== Segment start ==
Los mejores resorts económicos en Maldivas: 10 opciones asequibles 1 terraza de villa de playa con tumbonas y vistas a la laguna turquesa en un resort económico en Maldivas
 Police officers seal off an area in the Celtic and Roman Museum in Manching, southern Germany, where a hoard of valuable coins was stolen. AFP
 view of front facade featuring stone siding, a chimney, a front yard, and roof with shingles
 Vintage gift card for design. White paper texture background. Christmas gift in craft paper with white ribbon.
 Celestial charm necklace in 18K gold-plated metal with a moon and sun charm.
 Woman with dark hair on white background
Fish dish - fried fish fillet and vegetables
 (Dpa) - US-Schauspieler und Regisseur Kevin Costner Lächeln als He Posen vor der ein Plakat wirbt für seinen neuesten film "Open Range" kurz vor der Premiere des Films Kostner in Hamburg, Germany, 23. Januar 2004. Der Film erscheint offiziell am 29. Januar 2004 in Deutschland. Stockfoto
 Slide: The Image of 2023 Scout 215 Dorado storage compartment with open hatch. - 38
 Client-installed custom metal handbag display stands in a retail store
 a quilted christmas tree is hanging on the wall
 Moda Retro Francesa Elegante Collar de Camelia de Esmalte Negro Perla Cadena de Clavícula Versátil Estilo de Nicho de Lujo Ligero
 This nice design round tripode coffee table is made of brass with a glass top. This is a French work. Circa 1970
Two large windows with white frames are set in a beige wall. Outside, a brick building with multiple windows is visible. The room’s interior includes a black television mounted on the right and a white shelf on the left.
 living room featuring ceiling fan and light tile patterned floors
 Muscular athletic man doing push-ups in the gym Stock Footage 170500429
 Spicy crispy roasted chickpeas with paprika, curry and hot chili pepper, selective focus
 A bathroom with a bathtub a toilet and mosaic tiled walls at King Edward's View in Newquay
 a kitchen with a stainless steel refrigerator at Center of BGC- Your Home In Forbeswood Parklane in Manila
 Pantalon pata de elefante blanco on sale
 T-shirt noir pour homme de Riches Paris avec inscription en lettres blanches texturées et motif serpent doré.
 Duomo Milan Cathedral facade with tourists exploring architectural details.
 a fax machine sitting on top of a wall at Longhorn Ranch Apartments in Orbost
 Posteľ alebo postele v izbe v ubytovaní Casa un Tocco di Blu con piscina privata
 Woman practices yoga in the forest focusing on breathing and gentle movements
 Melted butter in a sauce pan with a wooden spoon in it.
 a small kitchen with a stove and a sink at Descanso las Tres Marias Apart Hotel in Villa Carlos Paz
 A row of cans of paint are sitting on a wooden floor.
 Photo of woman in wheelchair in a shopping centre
== Segment end ==
Copy every single line of the material above that holds "kitchen".

 a kitchen with a stainless steel refrigerator at Center of BGC- Your Home In Forbeswood Parklane in Manila
 a small kitchen with a stove and a sink at Descanso las Tres Marias Apart Hotel in Villa Carlos Paz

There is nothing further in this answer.